WHAT YOU ARE ASKED TO DO: Output the whole listing exactly, with no pictures.

AVAILABLE DATA:
* * *
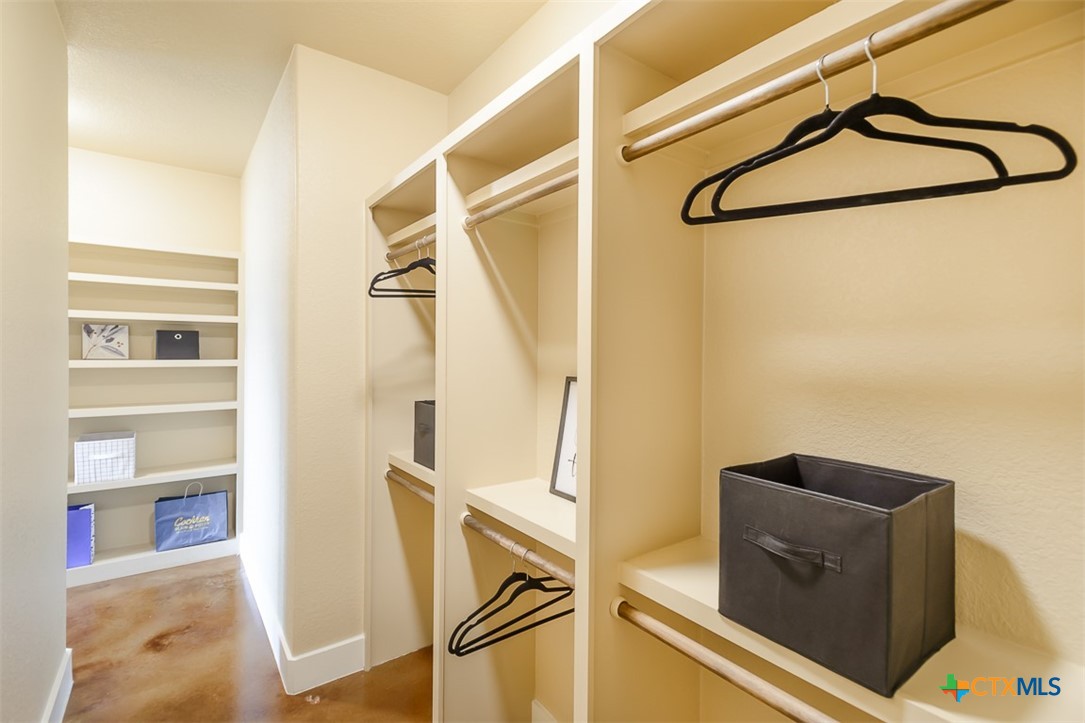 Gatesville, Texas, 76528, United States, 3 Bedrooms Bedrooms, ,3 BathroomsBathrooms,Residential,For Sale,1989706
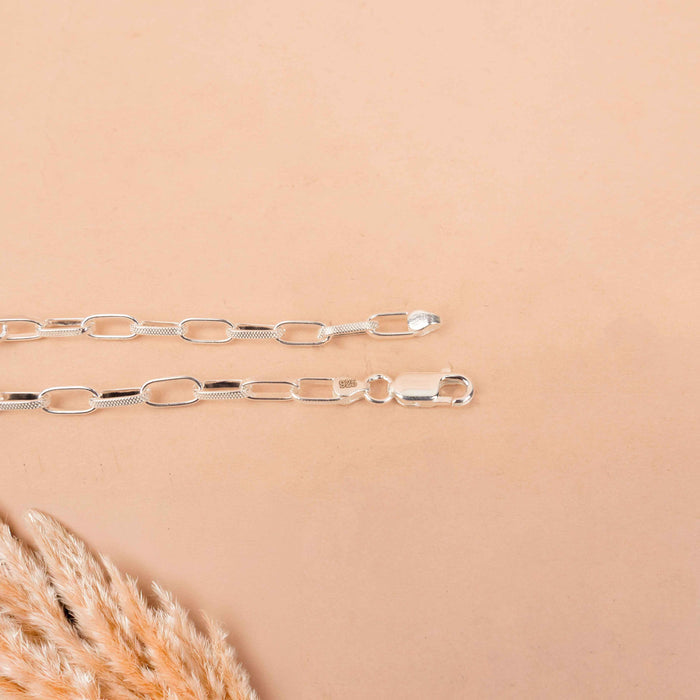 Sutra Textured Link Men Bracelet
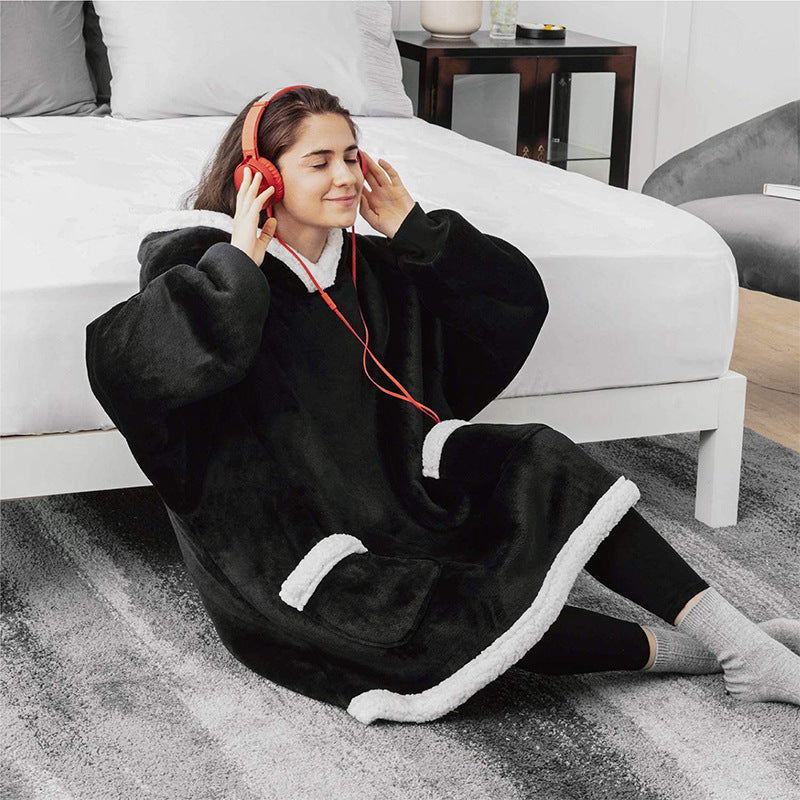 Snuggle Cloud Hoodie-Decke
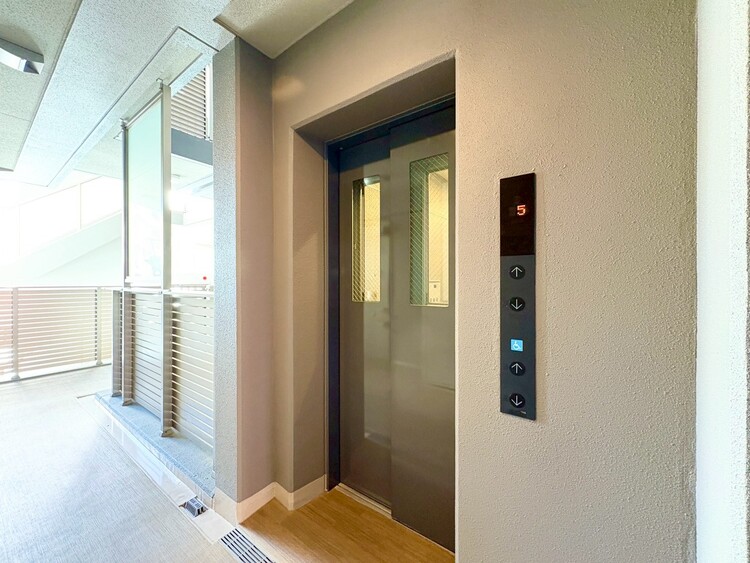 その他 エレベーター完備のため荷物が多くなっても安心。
* * *
SOLUTION BELOW:
 Gatesville, Texas, 76528, United States, 3 Bedrooms Bedrooms, ,3 BathroomsBathrooms,Residential,For Sale,1989706
 Sutra Textured Link Men Bracelet
 Snuggle Cloud Hoodie-Decke
 その他 エレベーター完備のため荷物が多くなっても安心。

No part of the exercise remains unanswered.